Elizabeth Walter Playing Mozart Sept. 22 in Petaluma

GINASTERA'S PERCUSSIVE SONATA SHINES IN WALTER'S PETALUMA RECITAL

by Terry McNeill
Sunday, September 22, 2019

Elizabeth Walter has had considerable impact on Petaluma’s classical music scene, actively promoting music programs in schools, producing concerts through her Sky Hill Cultural Alliance, and playing benefit concerts to raise funds for music in area schools. Sporadically she performs just for the music itself, and Sept. 22 found her in recital in the cozy Petaluma Historical Museum.

Programming four sonatas and playing from score throughout, the artist began with Mozart’s lyrical B Flat Sonata, K. 333, in a performance that featured relaxed tempos and conventional phrasing. The house piano has a bright and tonally thin top end that surprisingly added to the thematic and harmonic clarity. Trills in the charming andante cantabile were even, and in the extended rondo Ms. Walter departed from her temperate reading by letting in some musical “light” in the novel cadenza. The section is unique to Mozart’s 18 principal sonatas, and it was played with brio.

Beethoven’s early C Minor Sonata, Op. 13 (“Pathétique”) completed the first half, with Ms. Walter emphasizing some of the raw drama in the writing, with a judicious tempo in the opening grave-allegro. The held fermatas were loud and delicious. A strict tempo characterized the lovely adagio with just a little speed up in the middle, and steadfast rhythms in the rondo finale. Right-hand voices were underscored and sonic emphasis was changed where Ms. Walter wanted more sound in close hand positions.

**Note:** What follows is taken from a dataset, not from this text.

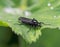 Black march fly on a grean leaf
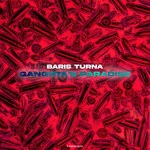 cover: Baris Turna - Gangsta's Paradise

In announcing Ravel’s Sonatine (a short sonata) from 1905, the pianist mentioned that it’s mostly a nostalgic minuet, and that her dog is named “minuet.” This playful work is seemingly uncomplicated, but the pianist’s measured rubato and direct approach lacked only richness of tone color, with the instrument both an ally and foe. The animé section had an elegant wash of sound.

A cornerstone in Ms. Walter’s repertoire, Ginastera’s Op. 22 Sonata, was the afternoon’s highlight, and extends the energetic Danzas Argentinas (composed 15 years prior) into a high-temperature percussive four-movement work of exceptional force. Ms. Walter rose to the occasion with the requisite contrary double octaves, heavy damper pedal and often-breathless potent speed. She caught the mystery of the rhapsodic adagio molto, and drove headstrong into the ostinato that concludes a wild sonic ride over fifteen minutes. There was introspection and also loud contrasts, and the small audience generated a resonant ovation at the final chord.

Ms. Walter’s pianism in this recital was secure and often forceful, and she eschewed histrionics and wayward realizations in favor of careful attention to the score and letting these majestic works unfold convincingly.